For better or for worse, these three albums also happen to be the ones instantaneously associated with the time Jim O’Rourke clocked in with the band. And for all the believable rhetoric crediting the Chicago musician/producer’s brief stint with revitalizing the four original band members (unnecessarily in my view unless you can pinpoint to me the parts on which O’Rourke made crucial contribution to their sound or makeup – I can’t), one should also be mindful that Sonic Youth very seldom lacked in terms of musical vocabulary.

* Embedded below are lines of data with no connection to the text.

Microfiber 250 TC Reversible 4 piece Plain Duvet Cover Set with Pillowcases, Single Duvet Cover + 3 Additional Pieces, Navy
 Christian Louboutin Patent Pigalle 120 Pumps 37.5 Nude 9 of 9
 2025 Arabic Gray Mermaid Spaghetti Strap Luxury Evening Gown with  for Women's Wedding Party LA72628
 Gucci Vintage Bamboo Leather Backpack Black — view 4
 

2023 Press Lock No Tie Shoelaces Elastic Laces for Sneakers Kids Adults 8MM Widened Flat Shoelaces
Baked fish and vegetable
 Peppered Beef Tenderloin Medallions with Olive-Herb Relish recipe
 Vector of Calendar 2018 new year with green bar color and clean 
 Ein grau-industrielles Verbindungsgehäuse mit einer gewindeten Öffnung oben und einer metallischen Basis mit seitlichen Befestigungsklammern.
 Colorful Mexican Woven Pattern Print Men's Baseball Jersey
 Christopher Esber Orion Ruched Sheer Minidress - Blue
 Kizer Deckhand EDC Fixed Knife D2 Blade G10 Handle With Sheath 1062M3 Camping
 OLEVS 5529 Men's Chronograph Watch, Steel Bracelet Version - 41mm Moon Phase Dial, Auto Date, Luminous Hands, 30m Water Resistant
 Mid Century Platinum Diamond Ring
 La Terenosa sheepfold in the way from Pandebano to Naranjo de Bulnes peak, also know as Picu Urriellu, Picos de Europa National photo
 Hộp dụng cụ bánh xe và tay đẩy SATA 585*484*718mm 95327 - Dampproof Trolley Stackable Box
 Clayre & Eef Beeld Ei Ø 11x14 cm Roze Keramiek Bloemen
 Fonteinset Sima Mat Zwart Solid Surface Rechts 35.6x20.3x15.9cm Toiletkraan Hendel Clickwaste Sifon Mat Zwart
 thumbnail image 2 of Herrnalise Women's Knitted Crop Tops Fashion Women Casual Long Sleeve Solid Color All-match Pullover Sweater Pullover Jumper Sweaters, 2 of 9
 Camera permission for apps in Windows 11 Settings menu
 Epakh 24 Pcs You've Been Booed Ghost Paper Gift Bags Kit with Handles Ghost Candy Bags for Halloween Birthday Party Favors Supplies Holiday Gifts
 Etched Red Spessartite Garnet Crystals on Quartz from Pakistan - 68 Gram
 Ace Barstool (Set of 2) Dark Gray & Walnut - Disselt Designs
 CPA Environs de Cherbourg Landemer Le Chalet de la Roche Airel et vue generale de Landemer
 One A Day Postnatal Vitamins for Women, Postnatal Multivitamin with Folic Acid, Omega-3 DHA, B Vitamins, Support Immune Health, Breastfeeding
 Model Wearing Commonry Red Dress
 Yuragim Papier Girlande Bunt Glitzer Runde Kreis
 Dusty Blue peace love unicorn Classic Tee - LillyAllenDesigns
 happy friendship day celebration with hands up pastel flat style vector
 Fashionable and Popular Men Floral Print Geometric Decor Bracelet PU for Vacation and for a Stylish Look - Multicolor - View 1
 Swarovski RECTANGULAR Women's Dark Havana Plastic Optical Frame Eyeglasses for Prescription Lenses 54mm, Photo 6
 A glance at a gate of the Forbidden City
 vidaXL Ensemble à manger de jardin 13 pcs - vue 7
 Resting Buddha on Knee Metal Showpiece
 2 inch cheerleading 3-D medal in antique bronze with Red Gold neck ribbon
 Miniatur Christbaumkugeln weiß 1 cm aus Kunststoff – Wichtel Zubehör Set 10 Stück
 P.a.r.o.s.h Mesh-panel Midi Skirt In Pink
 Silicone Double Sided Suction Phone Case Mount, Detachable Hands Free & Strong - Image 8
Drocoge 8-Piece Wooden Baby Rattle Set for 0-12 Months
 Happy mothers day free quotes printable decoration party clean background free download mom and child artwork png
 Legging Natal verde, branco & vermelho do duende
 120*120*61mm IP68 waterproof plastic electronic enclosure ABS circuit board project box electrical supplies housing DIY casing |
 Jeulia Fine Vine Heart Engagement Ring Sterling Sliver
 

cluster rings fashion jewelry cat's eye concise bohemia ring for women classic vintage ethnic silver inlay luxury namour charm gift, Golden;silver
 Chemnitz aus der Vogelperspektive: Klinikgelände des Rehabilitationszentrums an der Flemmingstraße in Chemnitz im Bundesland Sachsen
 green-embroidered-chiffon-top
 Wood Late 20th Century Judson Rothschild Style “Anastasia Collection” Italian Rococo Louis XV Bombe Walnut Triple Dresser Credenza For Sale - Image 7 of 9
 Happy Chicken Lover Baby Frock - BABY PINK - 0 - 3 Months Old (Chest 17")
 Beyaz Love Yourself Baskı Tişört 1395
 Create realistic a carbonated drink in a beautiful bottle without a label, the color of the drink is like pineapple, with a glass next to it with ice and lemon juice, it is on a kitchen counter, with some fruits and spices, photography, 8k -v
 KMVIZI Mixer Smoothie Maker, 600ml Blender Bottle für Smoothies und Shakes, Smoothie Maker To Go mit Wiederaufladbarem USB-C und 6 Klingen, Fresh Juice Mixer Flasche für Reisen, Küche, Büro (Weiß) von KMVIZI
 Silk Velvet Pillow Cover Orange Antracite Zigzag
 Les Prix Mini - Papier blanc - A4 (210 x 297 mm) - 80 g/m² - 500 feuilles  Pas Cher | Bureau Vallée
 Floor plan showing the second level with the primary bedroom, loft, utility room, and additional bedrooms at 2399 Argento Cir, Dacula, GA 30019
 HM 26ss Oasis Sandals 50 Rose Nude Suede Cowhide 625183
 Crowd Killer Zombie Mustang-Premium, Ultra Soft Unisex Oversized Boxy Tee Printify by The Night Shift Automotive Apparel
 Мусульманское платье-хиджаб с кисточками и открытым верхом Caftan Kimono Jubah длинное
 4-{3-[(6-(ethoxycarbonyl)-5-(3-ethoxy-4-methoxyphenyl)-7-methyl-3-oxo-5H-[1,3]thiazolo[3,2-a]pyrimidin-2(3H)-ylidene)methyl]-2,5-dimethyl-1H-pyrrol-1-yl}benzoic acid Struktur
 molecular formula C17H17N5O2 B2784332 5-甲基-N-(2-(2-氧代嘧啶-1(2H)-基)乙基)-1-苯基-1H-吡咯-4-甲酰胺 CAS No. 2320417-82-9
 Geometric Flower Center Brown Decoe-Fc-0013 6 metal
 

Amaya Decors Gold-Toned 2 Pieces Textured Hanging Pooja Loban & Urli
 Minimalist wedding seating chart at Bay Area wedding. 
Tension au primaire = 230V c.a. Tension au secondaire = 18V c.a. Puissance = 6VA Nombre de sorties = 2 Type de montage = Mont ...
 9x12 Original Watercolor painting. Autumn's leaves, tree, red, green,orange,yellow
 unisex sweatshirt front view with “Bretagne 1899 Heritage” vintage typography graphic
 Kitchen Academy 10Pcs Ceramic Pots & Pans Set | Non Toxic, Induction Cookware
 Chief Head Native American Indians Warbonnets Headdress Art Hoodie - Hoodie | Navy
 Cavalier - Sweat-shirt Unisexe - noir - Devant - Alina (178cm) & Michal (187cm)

But let’s begin by kicking this shit back to 2000. In retrospect, the much maligned NYC Ghost & Flowers seems to hold up a bit better today than when it was first released but taken as a whole, the album while nice enough doesn’t quite measure up to the other two showpieces in the trilogy. The Thurston Moore pieces, “Free City Rhymes” and “Small Flowers Crack Concrete” specifically, deftly match bohemian beat poetry to impressionistic melodic hazes, while Lee Ranaldo’s frighteningly good title track composition builds beautifully from Lee’s wintry wails of echo-canyon soundscaping into its final two minutes of shattering chaos. Elsewhere the music was less impressive – for all the rickety guitar jams on the record, it felt like the band was interested only in providing clues t0 the small secret currents stacked in NYC Ghost & Flowers.
Moore himself had described these records as “spirit-like, architectural, and humanitarian”, and the subsequent Murray Street and Sonic Nurse, especially when taken together, do much justification to this interpretation. Where the broad palette of futuristic free forms of NYC Ghost & Flowers is delivered in a disjointed fashion rather on purpose, the more focused Murray Street mined the band’s newfound subtleties from micro perspectives, resulting in streams of lilting guitars wizened with rocky ruminations.
Either mewling in songs like “Karen Revisited” and “Sympathy For The Strawberry” that stretch with ease from spells of soft hidden energies to controlled feedback abuse within their ten-minute frames or running through short spurts of punk menace (“Radical Adults Lick Godhead Style”; Kim Gordon’s terrific “Plastic Sun”), the songs on Murray Street flicker by like mysterious montage visions of cross-country kinetics. Released post-911 and the album title perhaps a slight reference to the passenger plane engine that crashed right onto Murray Street, I can only speculate that the devastated landscape affected the course and urgency of the album osmotically.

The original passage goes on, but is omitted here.